Just remember: During gamete formation, alleles go their separate ways!
🧬 Summary Table
| Law | What It Means | When It Applies |
|---|---|---|
| Law of Segregation | Each gamete gets only one allele from each pair | Always (during Anaphase I of meiosis) |
| Law of Independent Assortment | Alleles for different genes assort independently | Only for genes on different chromosomes or far apart on the same one |
5.3.A.2 – Mendelian Inheritance & Probability Rules
I. How Fertilization Affects Inheritance 🧬
- Fertilization = fusion of two haploid gametes (n) → forms a diploid (2n) zygote
- Restores chromosome number & mixes maternal and paternal alleles
- Because each gamete is genetically unique (due to meiosis), fertilization creates: New allele combinations → More genetic variation!

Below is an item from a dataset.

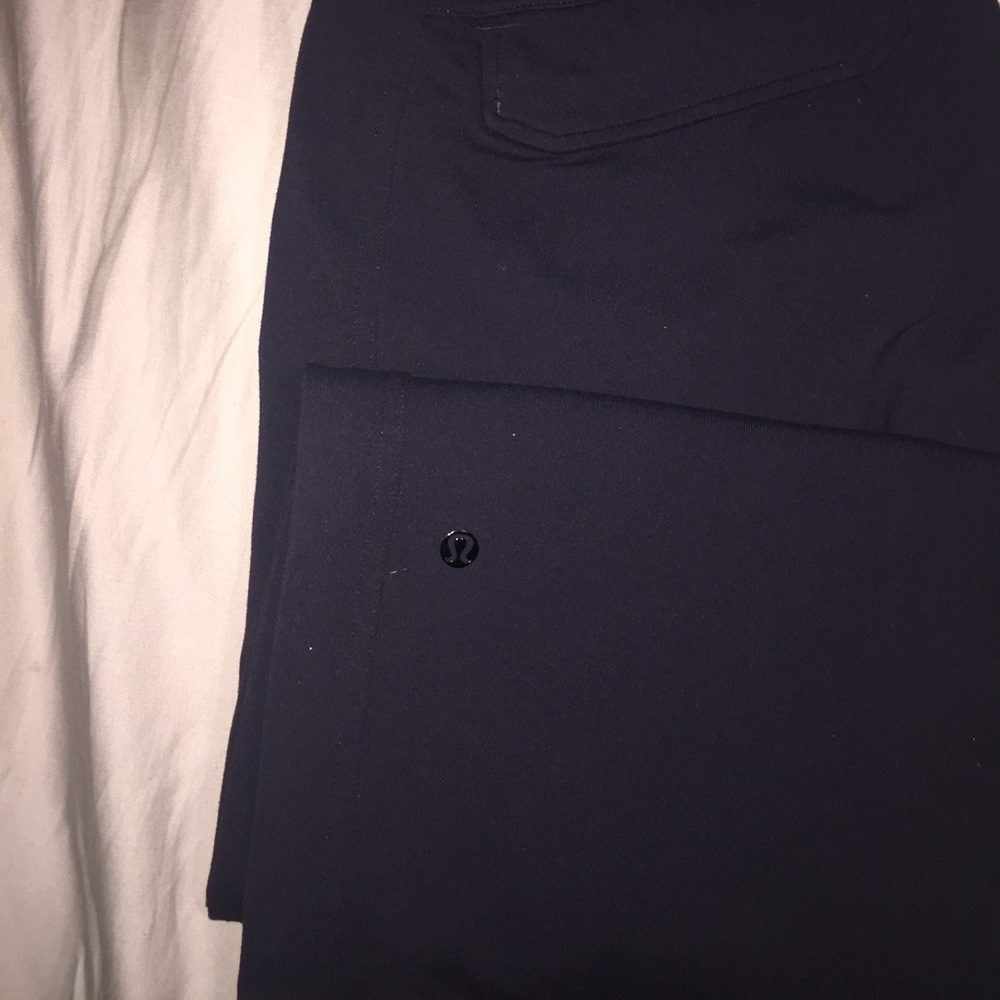 Large Lululemon Sweats (32x34)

II. Rules of Probability in Genetics 🟢
Inheritance isn’t magic—it follows simple math!
| Situation | Rule | Formula |
|---|---|---|
| Mutually exclusive events | “Either A or B” | P(A or B) = P(A) + P(B) |
| Independent events | “A and B together” | P(A and B) = P(A) × P(B) |
III. Genetic Cross Types 🧪
🧪 1. Monohybrid Cross (1 gene, 2 alleles)
- Example: Tt × Tt
- Phenotype ratio: 3 Tall : 1 Short
- Genotype ratio: 1 TT : 2 Tt : 1 tt
🧪 2. Dihybrid Cross (2 genes, both heterozygous)
- Example: RrYy × RrYy
- Phenotype ratio: 9:3:3:1 (9 both dominant, 3 dom/rec, 3 rec/dom, 1 both rec)

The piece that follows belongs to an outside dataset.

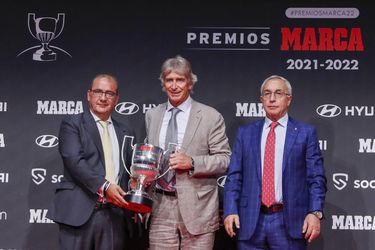 Del ‘Vete ya” en el Real Madrid al “mejor técnico de la temporada” en el Betis: la voltereta de Marca en torno a Manuel Pellegrini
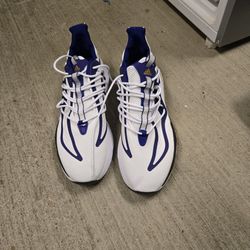 Adidas College Shoes HUSKIES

- Easier to use probability method than drawing huge Punnett squares.
🧪 3. Test Cross
- Use to find whether an organism showing the dominant trait is:
- Homozygous dominant (RR)
- or Heterozygous (Rr)
- Cross it with homozygous recessive (rr):
- If all offspring show dominant → likely RR
- If some show recessive → definitely Rr
IV. Genotype vs Phenotype 🧬
| Term | Meaning | Example |
|---|---|---|
| Genotype | Genetic makeup (alleles) | AA, Aa, or aa |
| Phenotype | Observable traits (physical expression) | Tall plant, blue eyes, etc. |
Homozygous = same alleles (AA or aa)
Heterozygous = different alleles (Aa)
V. Patterns of Inheritance 📊
| Pattern | Key Features |
|---|---|
| Autosomal | Gene on non-sex chromosome (1–22 pairs), affects both sexes equally |
| Sex-linked (X-linked) | Gene on X chromosome; more common in males (XY) |
| Linked Genes | Genes on same chromosome; often inherited together unless crossing over occurs |
VI. Pedigrees & Predicting Traits
- Pedigree = family tree of traits
- Helps figure out:
- Dominant or recessive?
- Autosomal or sex-linked?
- Combine pedigree + Punnett square = predict genotypes & phenotypes
📌 KEY TAKEAWAY:
Mendel’s laws + probability = powerful tools to predict how traits are passed.
Punnett squares + rules of probability help analyze inheritance of single-gene traits.